ACTIVITY: Include the line containing "If you thought" and every line after it up to the end of the material below; reproduce them exactly and drop the pictures.
─── RECORDED DATA ───
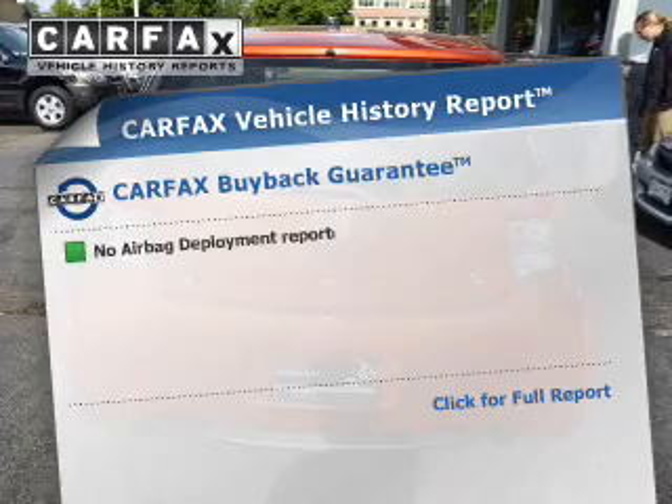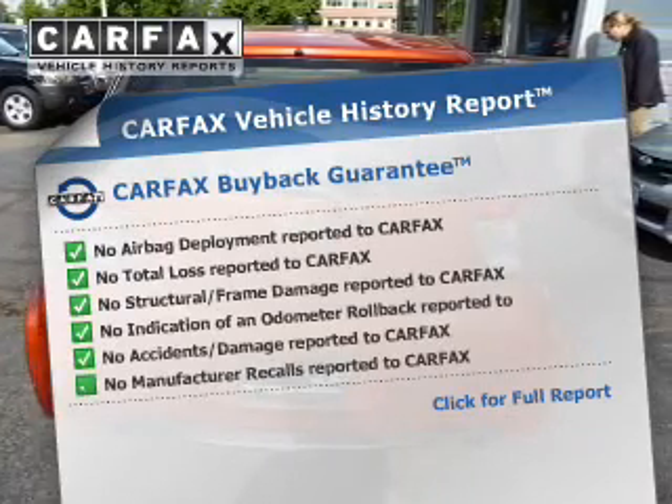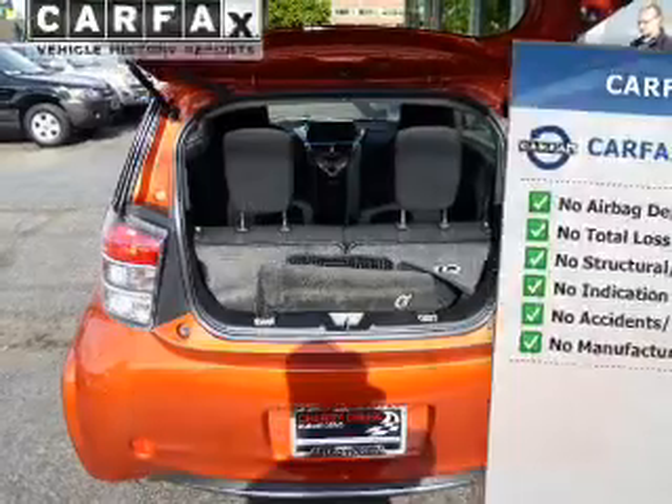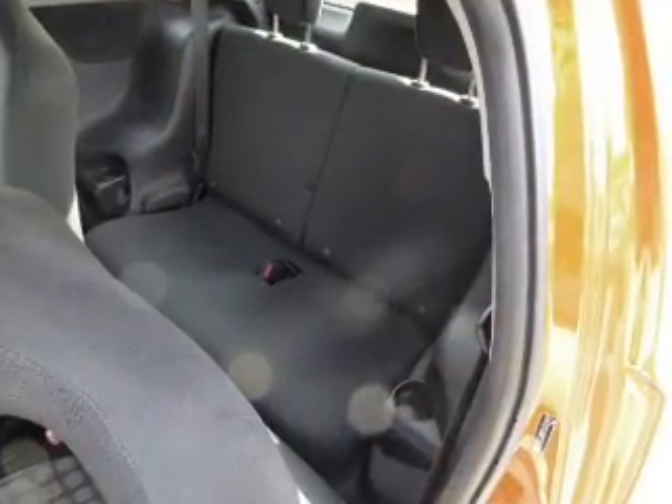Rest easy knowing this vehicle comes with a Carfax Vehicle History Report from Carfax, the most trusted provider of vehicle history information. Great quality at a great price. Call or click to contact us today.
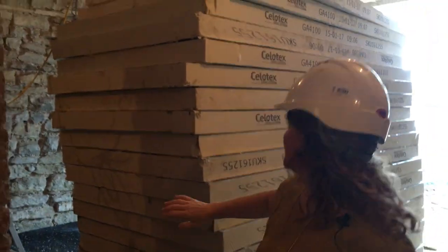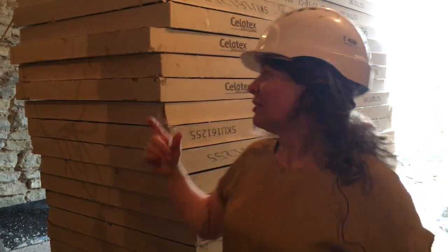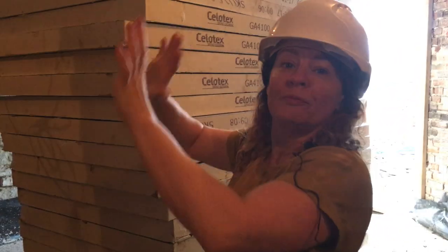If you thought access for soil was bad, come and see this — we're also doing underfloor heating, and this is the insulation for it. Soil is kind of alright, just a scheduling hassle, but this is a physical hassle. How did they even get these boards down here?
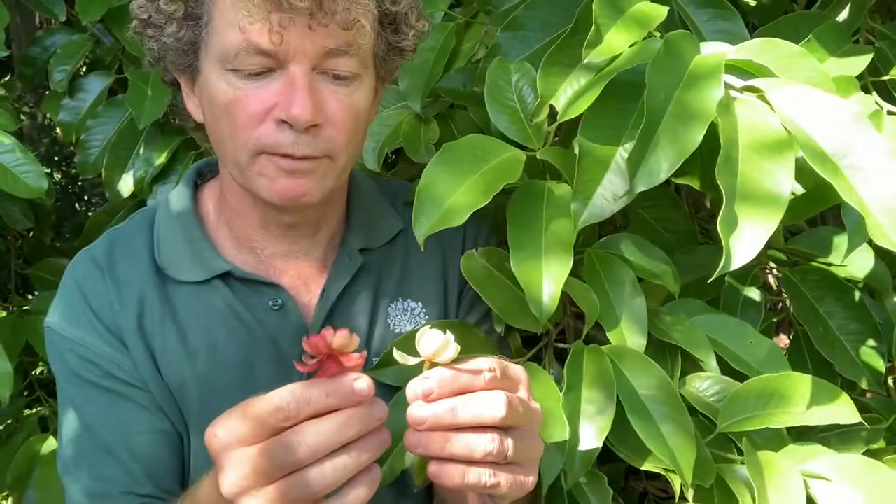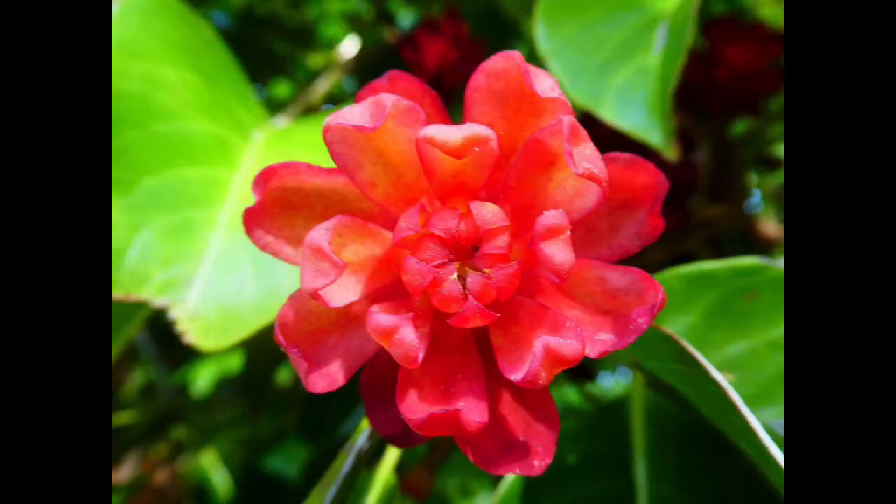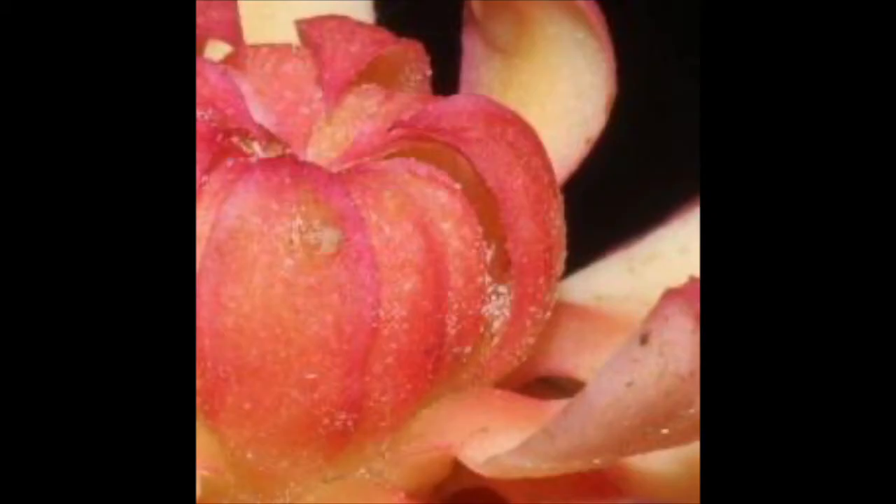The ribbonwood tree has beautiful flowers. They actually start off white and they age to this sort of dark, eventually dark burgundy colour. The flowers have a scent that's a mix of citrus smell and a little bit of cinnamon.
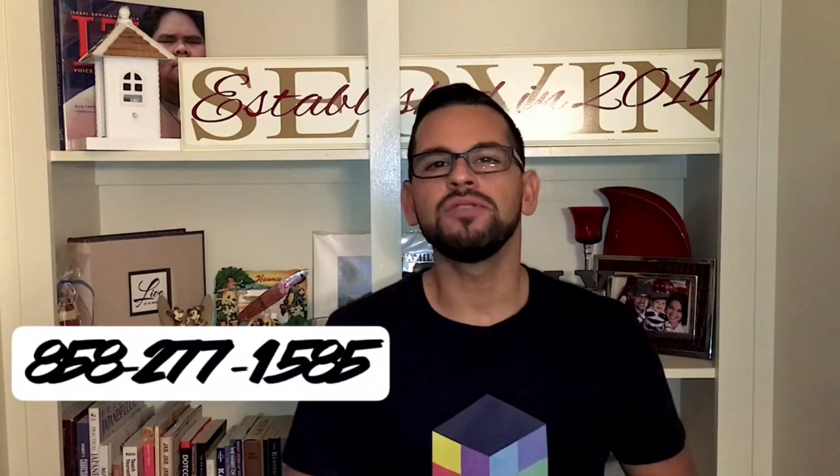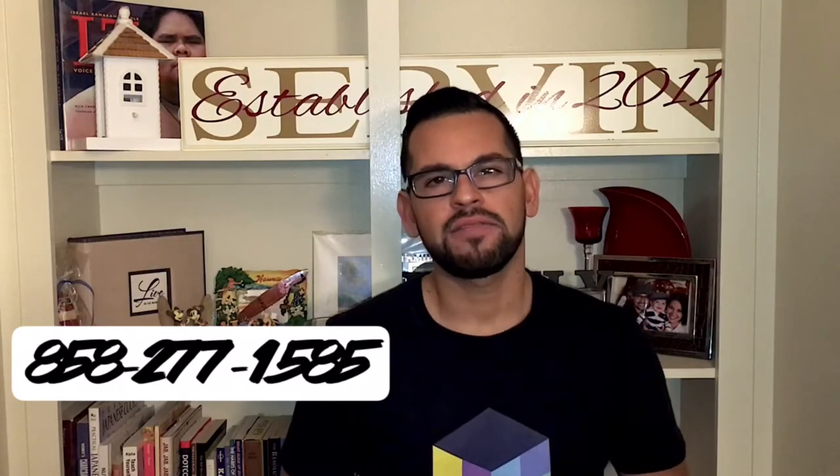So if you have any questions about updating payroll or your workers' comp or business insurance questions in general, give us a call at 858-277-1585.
───
RESPONSE TO THE EXERCISE:
If you thought access for soil was bad, come and see this — we're also doing underfloor heating, and this is the insulation for it. Soil is kind of alright, just a scheduling hassle, but this is a physical hassle. How did they even get these boards down here?
The ribbonwood tree has beautiful flowers. They actually start off white and they age to this sort of dark, eventually dark burgundy colour. The flowers have a scent that's a mix of citrus smell and a little bit of cinnamon.
So if you have any questions about updating payroll or your workers' comp or business insurance questions in general, give us a call at 858-277-1585.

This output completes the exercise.